Año 1978. Estaba tan a gusto en Ibiza,  viviendo en una isla, como en mi niñez, que estaba convencida que definitivamente ya no me movería nunca de allí. Cuando veía a las ancianas ibicencas, vestidas de negro, con su falda ancha y larga hasta los pies,  una toquilla,  un pañuelo a la cabeza por el que sobresalía una trencilla larga de pelo cano y un sombrero ancho de paja encima, yo le decía a mi hija “mira, cuando yo sea viejecita, me vestiré así”. Yo tenía entonces 31 años.

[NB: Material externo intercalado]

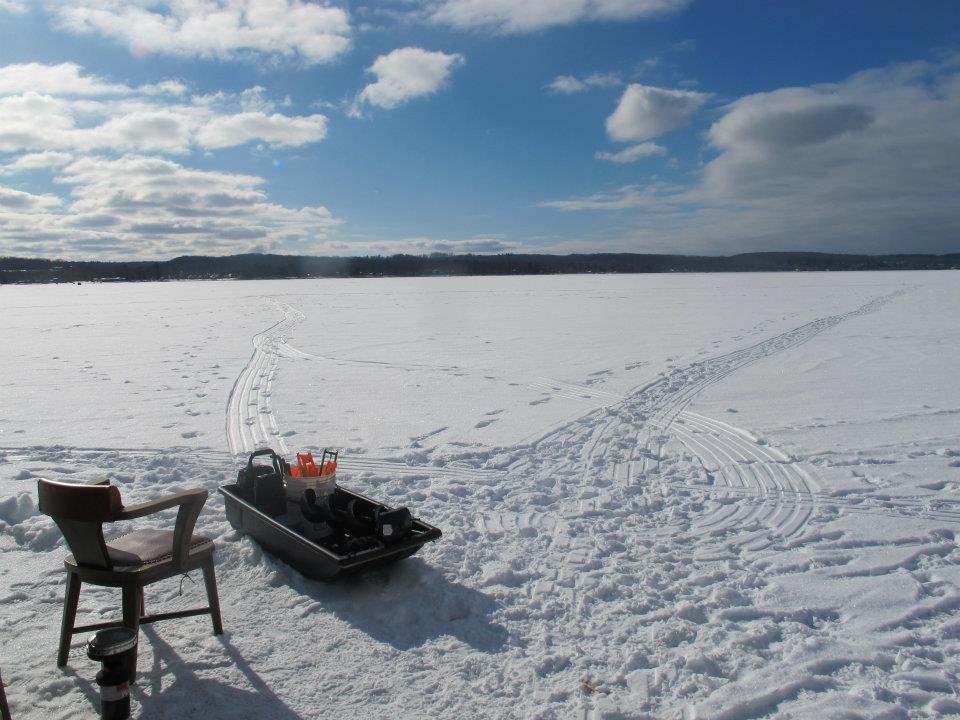 Frozen lake ice fishing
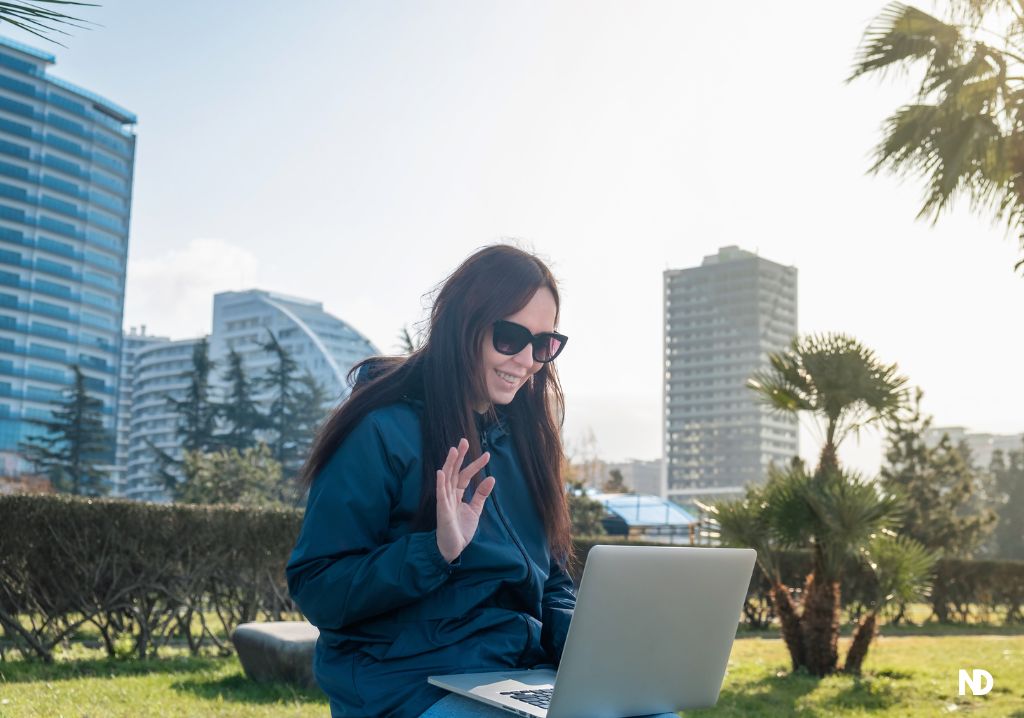 Mujer en parque en españa saludando computador nomadas digitales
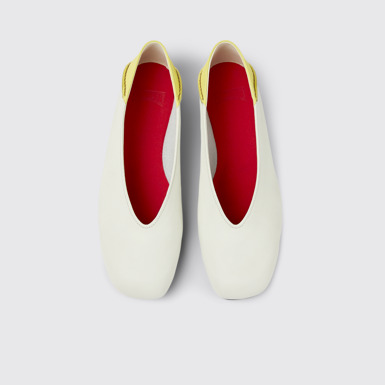 Overhead view of Casi Myra White and yellow leather ballerina flats for women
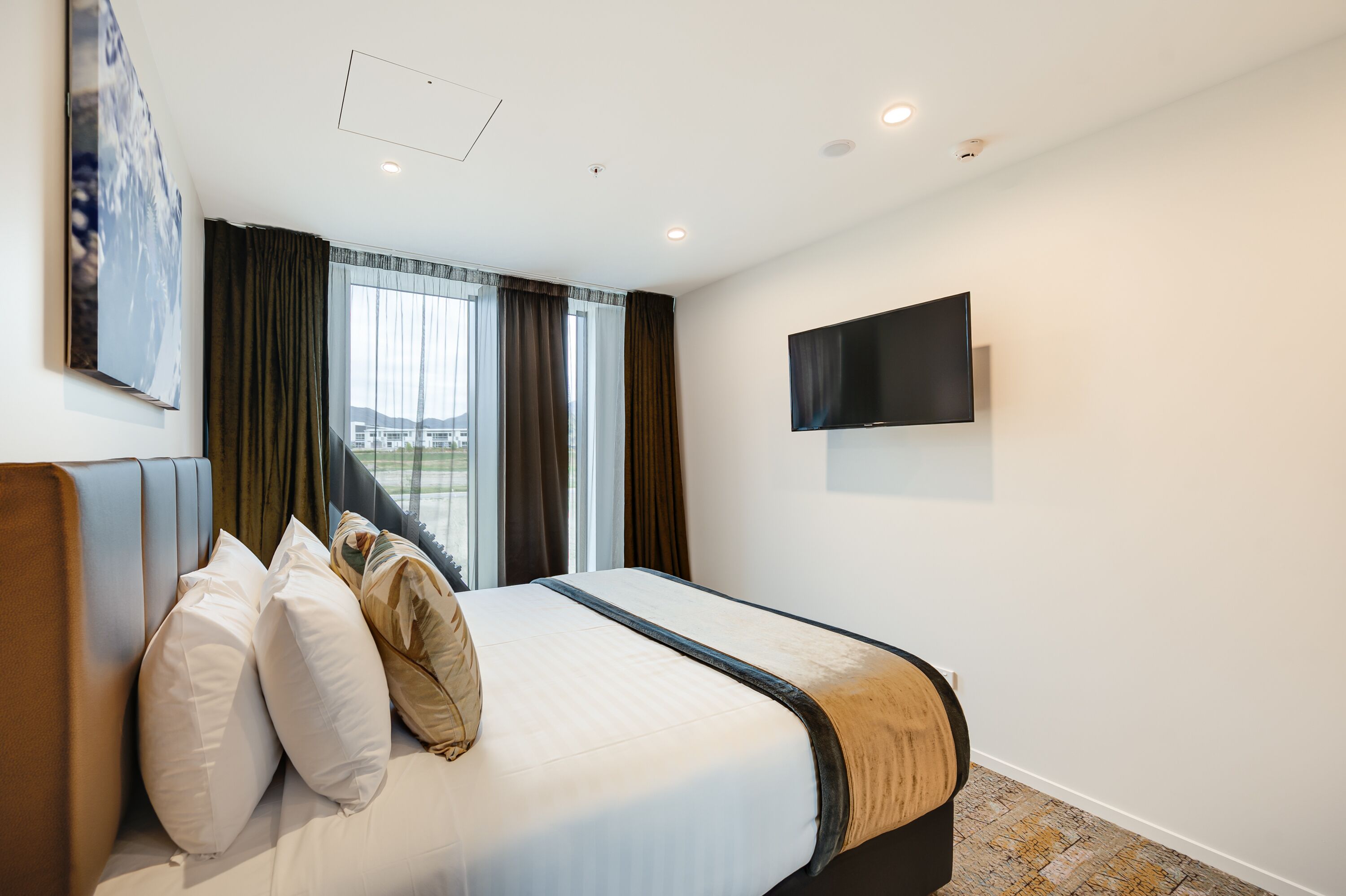 A hotel room with a bed, a flat-screen TV mounted on the wall, and a window with curtains.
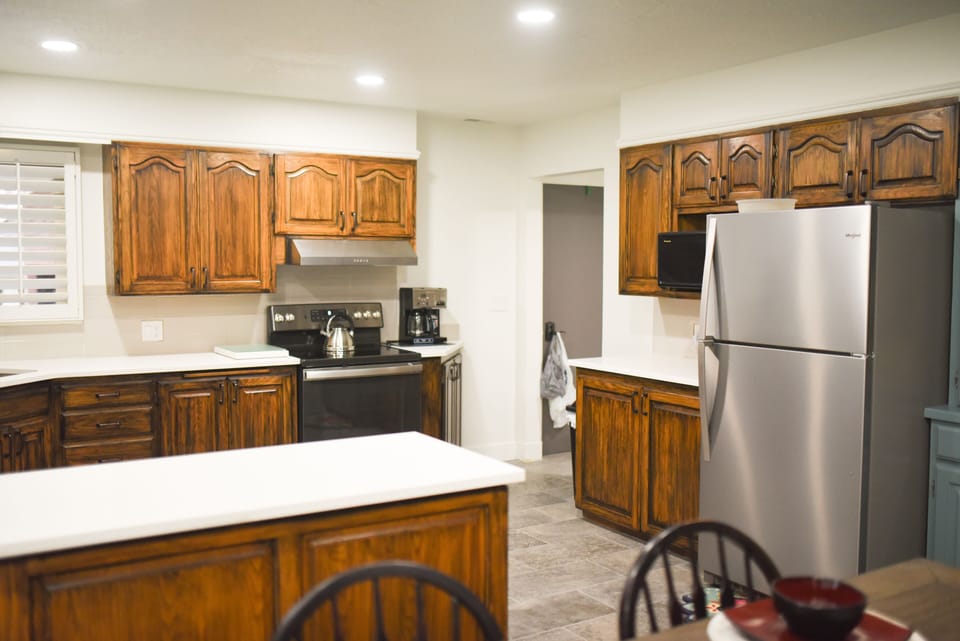 Large Kitchen fully stocked with pots, pans, utensils, spices, dishes, the works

Había conocido a alguna gente interesante. Personas que habían dejado atrás una vida ajetreada y que como yo, buscaban  armonizar con la naturaleza: Hipis les llamaban; era gente alternativa que no encajaba en la sociedad de consumo. Los había ya bastante mayores, norteamericanos que habían abandonado su país por los años 60, con el ideal de “haz el amor y no la guerra”, que era el lema de entonces. Había bastante gente que venía de haber vivido experiencias en la India, todos buscando maestros que les enseñasen el camino de la Verdad. Yo misma leía a Carlos Castaneda que hablaba de una manera nueva para mí y me ayudaba a descubrir unas posibilidades de entender la vida más allá de lo que mi mente podía imaginar y que entonces tomé casi como un libro sagrado. Comenzaba a hacerme consciente de quién era y a darle un sentido a mi vida.

Una mañana, cuando mi hija ya estaba en el colegio, mis ojos vieron de manera nueva lo que miraban todos los días; y vi las trampas que se escondían bajo la afable y reposada vida de la isla.  Justamente me encontré con una norteamericana que, sin llegar a ser amiga, había entre nosotras una gran corriente de simpatía y entendimiento, aunque distanciadas por ser nuestros mundos muy diferentes ya que ella era una mujer muy vapuleada por el alcohol, yo la consideraba una gran mujer y muy valiosa.

El encontrarla en medio de la calle  esa mañana soleada, el verla venir hacia mí, ya borracha a esas horas, percibí el tormento de su vacío  y soledad y me asusté mucho de que yo pudiese también caer en esa trampa.

Ya sabéis lo impulsiva que soy. Sin madurar ni calcular los pasos. Sin detenerme a pensar en nada en absoluto, me vi yendo en busca de mi hija al colegio -era la fiesta de fin de curso- y envuelta en el mismo impulso, hice las maletas y me marché de la isla para siempre.